Three years after Redmond's researchers published their whitepaper on distributed graph engine Trinity, Microsoft has announced that it has released the technology – now named Graph Engine – on an open-source basis under the MIT licence.
Why? Graph Engine lands in an odd, open-sourcey kind of place. According to DB-Engines, the most popular graph DBMS by some magnitudes is Neo4j, followed by OrientDB and Aurelius's TitanDB graph databases, which both have roughly 15 per cent as many users.

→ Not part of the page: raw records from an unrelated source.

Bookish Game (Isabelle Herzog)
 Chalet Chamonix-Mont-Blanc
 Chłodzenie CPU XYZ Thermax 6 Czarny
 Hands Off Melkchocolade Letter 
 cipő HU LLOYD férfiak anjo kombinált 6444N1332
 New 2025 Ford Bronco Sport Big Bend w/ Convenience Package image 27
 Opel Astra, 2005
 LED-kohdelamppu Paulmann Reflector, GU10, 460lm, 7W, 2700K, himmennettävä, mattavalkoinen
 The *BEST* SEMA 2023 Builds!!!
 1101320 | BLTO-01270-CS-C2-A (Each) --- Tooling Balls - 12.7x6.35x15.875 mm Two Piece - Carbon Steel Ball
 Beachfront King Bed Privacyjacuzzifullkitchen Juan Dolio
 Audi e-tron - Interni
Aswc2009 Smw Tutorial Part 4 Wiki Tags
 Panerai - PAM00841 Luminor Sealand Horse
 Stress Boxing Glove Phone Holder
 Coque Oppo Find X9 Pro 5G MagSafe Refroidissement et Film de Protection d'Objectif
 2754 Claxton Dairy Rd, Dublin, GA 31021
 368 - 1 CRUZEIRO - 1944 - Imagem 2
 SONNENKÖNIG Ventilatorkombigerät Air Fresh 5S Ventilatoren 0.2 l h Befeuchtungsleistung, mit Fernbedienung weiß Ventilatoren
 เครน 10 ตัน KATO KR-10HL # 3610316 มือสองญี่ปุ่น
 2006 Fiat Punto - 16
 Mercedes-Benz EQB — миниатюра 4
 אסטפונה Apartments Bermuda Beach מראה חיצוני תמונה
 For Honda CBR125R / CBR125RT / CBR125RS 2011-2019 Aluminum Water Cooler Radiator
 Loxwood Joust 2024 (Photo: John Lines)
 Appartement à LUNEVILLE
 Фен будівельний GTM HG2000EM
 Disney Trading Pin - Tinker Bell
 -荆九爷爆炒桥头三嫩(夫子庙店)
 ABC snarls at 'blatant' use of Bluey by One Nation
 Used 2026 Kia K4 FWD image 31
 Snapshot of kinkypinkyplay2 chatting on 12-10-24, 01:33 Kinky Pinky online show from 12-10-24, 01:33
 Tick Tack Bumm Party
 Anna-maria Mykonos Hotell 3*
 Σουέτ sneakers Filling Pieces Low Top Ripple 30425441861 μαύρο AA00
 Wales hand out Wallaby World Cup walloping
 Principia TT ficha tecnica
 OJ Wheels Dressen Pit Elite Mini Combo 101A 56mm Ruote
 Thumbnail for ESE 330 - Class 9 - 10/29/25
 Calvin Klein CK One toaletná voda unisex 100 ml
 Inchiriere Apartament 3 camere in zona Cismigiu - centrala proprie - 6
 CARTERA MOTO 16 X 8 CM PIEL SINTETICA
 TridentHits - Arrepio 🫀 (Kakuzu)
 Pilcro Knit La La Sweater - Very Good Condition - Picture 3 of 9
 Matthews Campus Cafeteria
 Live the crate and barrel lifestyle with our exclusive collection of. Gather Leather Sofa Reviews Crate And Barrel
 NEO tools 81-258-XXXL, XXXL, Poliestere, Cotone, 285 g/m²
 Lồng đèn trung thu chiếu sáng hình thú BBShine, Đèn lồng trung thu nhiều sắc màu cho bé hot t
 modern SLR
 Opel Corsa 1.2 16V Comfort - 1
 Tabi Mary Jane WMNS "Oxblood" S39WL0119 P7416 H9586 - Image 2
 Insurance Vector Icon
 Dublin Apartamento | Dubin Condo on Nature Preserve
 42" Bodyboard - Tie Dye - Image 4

OrientDB and TitanDB have both been dogged by complaints that they are not production-ready, yet they are both in use. Alongside Neo4j, they are essentially open-source NoSQL databases, which Graph Engine arguably is too, although it has not been designed to do the things that graph databases are known for doing.
Known for doing?
Graph databases are databases (duh) specialised to perform complex queries on highly interconnected data. In theory, they cater to queries multiple levels deep for which multi-way
JOINs in relational databases would be prohibitively computationally expensive – although performance in terms of how many levels may actually be traversed varies between graph database offerings.
All graph databases are, by definition, made up of the lines, or edges, connecting the data items within them. These would be considered nodes by graph theory proponents (which almost all graph database users are) and are roughly equivalent to rows in relational databases. Both the edges and nodes contain properties, which function like key-value pairs for the purposes of querying data.
But while all graph databases are constituted of the relationship between data items, the graph databases currently available on the market are quite different in the workloads they're optimised for. Some, such as Neo4j, employ a single data model that's been optimised, while others like OrientDB use different data models.
This is where Graph Engine offers something different.
Late, but different
Microsoft's Graph Engine has not been tuned to query or store data. Nor is it ACID transaction compliant – like most other graph databases. Rather, Graph Engine lets you crunch analytical workloads, including online transaction processing using the memory of a distributed system.
As one researcher from the Graph Engine team described it to The Register, Graph Engine is a "distributed in-memory data processing engine" with "a strongly typed distributed key-value store" as the storage backend.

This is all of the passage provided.